It has been 70 DAYS since Sirius and XM "ASKED" to be allowed to merge, and still no news, which is BAD news.


Howard this morning pointed out that alot of the big mergers over the past 20 years NEVER took this long just to begin the process.


ATT and Bell South. It took like 20 days.


AOL and Time Warner took like 43 days.


He mentioned a bunch of others, and I can't remember them all, but none were CLOSE to where this merger is in total time taken to make a decision. 70 F'ing! days aleready, and still nothing.


This does not look good, and therefore, while I will still re-up for Sirius in July, I will NEVER purchase new equipment again.

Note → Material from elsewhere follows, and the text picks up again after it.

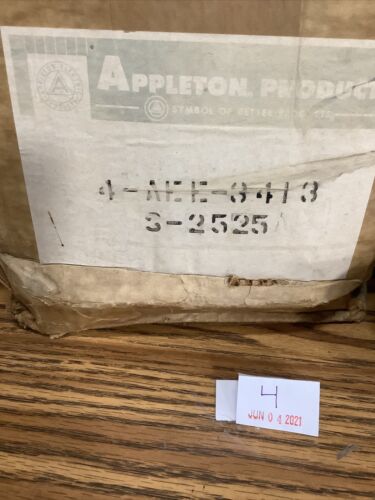 (1) Appleton AEE-3413 30 Amp 600 Volt 4w 4p No Box Included - Picture 2 of 7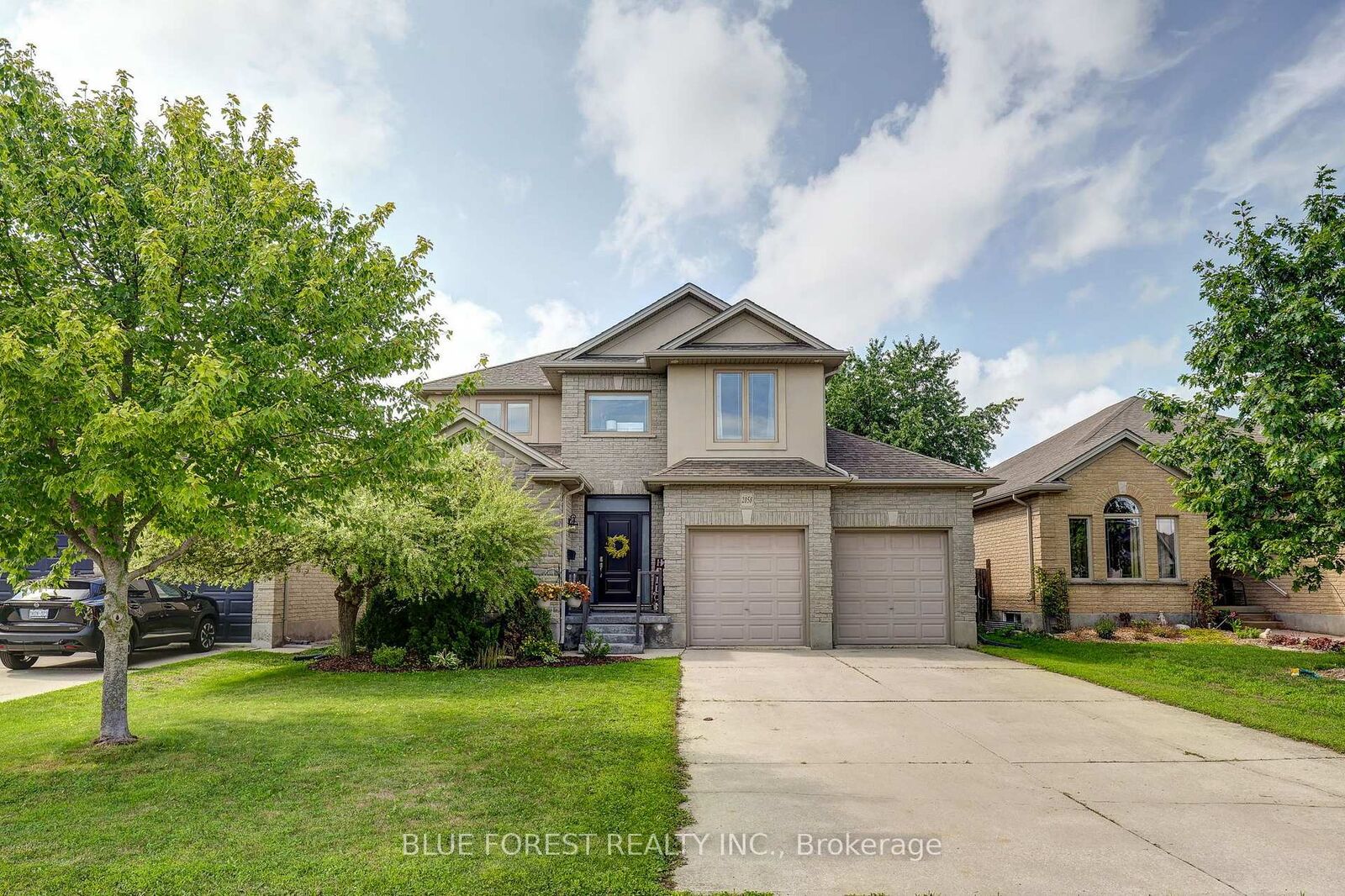 Property Photo: 2058 Westpoint Heights ON N6P 0A3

Not unless I hear something positive. No point in pissing money away IMHO.


Looks like my Audiovox PNP 2 unit(which is working just fine) will be my unit for now and the forseeable future.


I am not going to spend one dime on Hardware until the merger is decided.


I was going to get a Stilleto 100 a couple of weeks ago from Best Buy(They were offering a Car Dock for FREE with the Purchase of the Stilleto 100), and then get a Home dock, but not now.


No new Hardware for me.


Looks like this merger is not going to go through, and it is going to ground BOTH shows at this point.


O and A will continue on FreeFM, which will make the show pointless and boring.


While Howard will go into the sunset(retirement. He is currently 53 yrs old), and walk away for good(with a HUGE nestegg, and a model girlfriend who will take half of it after she pops out his kid, which will happen, and then she leaves him).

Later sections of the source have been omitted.